Il Presidente statunitense, considerato un uomo d’affari votato prevalentemente, se non esclusivamente, al profitto, può trascurare quanto ottenere da un alleato, certamente numericamente piccolo, ma tanto intraprendente, produttivo e ingegnoso?
Avere invitato al proprio giuramento in Campidoglio Giorgia Meloni, unico leader politico europeo, ha messo in allarme tanti oppositori, suoi e del Primo ministro italiano.

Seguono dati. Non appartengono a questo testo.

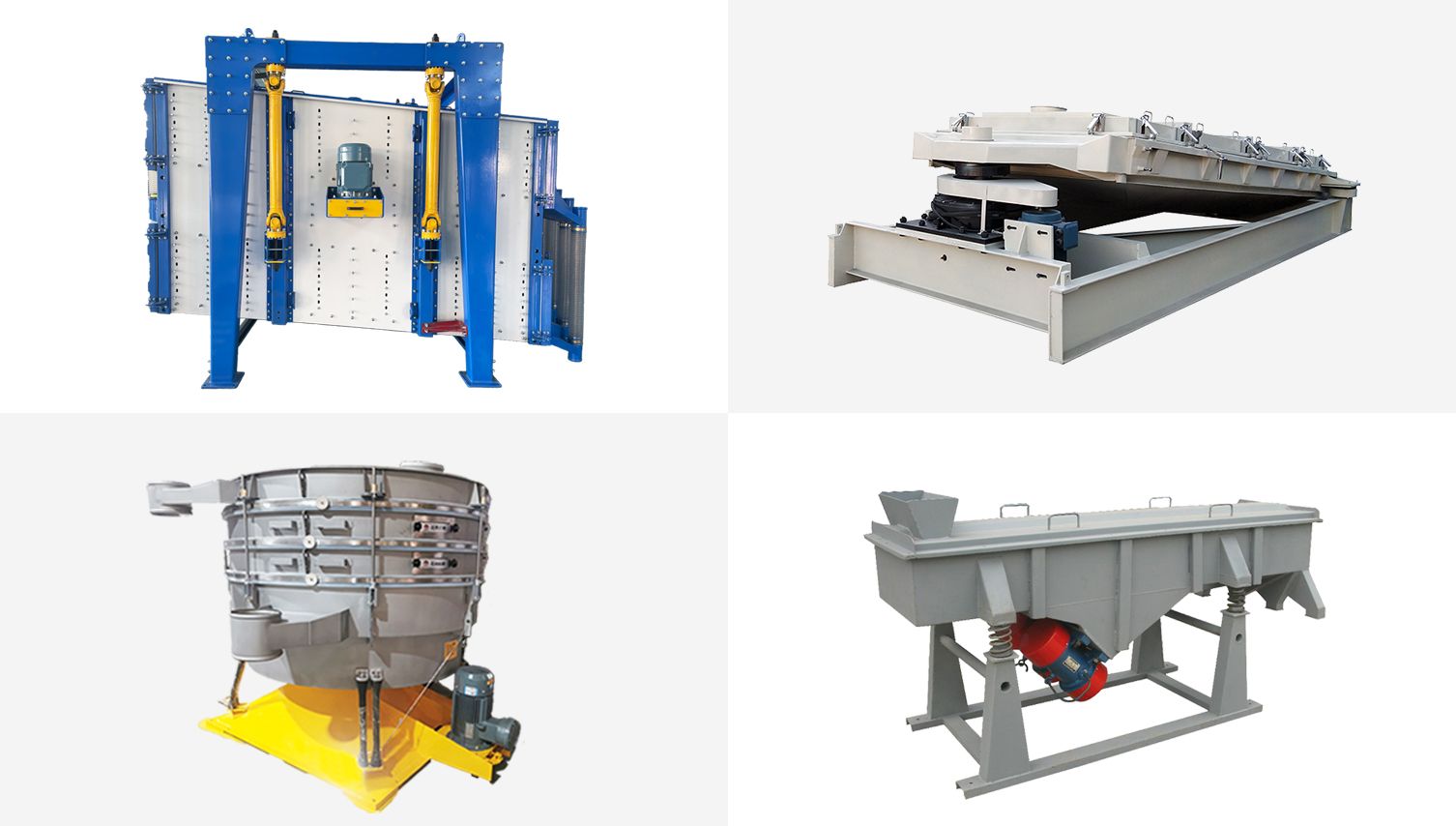 LIGHT SIEVE EQUIPMENT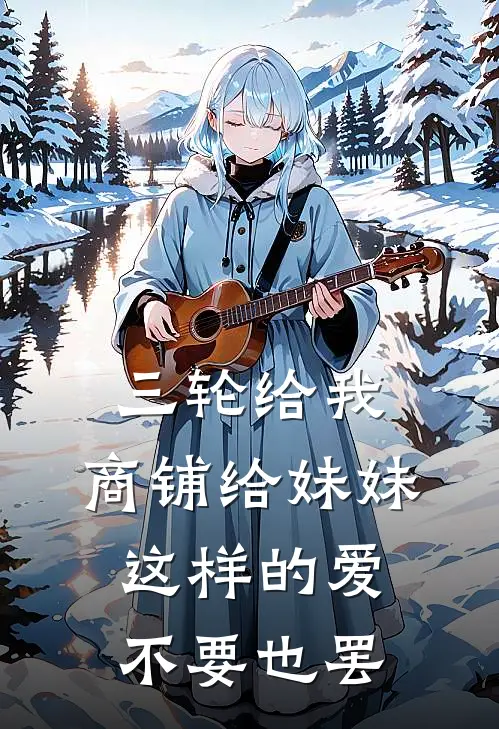 三轮给我，商铺给妹妹，这样的爱不要也罢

Più d’una voce, guarda caso proprio di quelle abitualmente risuonanti a Davos, è arrivata già a definire l’Italia “cavallo di Troia” dell’Europa, dando per scontato che il Presidente Usa abbia dato mandato a Giorgia Meloni di sabotare l’Unione europea in cambio di privilegi concessi al nostro Paese. È la stucchevole accusa di un’Italia, ventre molle d’Europa.
È comprensibile lo sconcerto (e anche il timore) di coloro che fino a ieri insultavano Trump e che oggi lo vedono determinato a realizzare quanto promesso ai suoi elettori. Lo “spoils system” dà la possibilità al Presidente Usa di sostituire i dirigenti dell’amministrazione pubblica licenziando quelli ritenuti inappropriati al proprio governo.
Le carriere e i privilegi di molti finiscono bruscamente. Da qui l’ansia e il timore che la “scure trampiana” s’abbatta ben oltre i confini degli Stati Uniti.
Mentre il cittadino europeo, l’uomo comune, non ha nulla da temere, per le élite occidentali ostili a Trump s’impone ora l’esigenza di serrare i ranghi ed evitare d’essere spazzate come foglie al vento.
In gioco ora ci sono, sì, politici, ma anche banchieri, finanzieri, imprenditori, uomini di cultura, intellettuali e giù giù tutto quel mondo che, a vari livelli, ha partecipato alla costruzione dell’Agenda 2030.
L’inversione del potere ora è a 180 gradi. Lo scontro è epocale. Il Great Reset non deve essere fermato, ma annientato.
Ce la farà Trump? Tra due anni l’aspettano le elezioni di metà mandato che, se vinte, consolideranno la sua azione politica; in caso contrario riprenderà vigore il progetto accarezzato da pochi illuminati desiderosi di regnare su popoli artatamente resi schiavi.
Tra gli obiettivi del nuovo Governo statunitense c’è la volontà di ridare forza e fiducia ad artigiani, operai, piccoli e medi imprenditori e a tutte quelle categorie produttive strozzate dagli interessi di pochi cinici attori del mondo finanziario.
I sostenitori di Trump sono gli stessi del Governo italiano: i ceti medi e produttivi.
Ancora una volta il cambiamento passa da costoro insieme alle Forze dell’Ordine che hanno scelto di proteggere il Paese. A tenere alto il prestigio italiano sono anche migliaia di militari che, in vari teatri del mondo, mantengono la pace rischiando la vita. Dopo gli Usa il più alto numero di soldati impiegato nelle operazioni Nato è quello italiano. Si tratta di un investimento importante di risorse economiche e ancor più umane. Anche alla luce di questo primato, consolidato da anni, ci sorge una domanda.
Il pragmatismo di Trump, un imprenditore avvezzo alla contrattazione, al “do ut des” (come viene descritto), può non essere stato determinante nella scelta di riservare al Primo ministro italiano un posto in prima fila il giorno del giuramento?
L’Italia d’oggi, a differenza di altri Paesi del Vecchio Continente non ha bisogno di patenti d’atlantismo, europeismo e occidentalismo.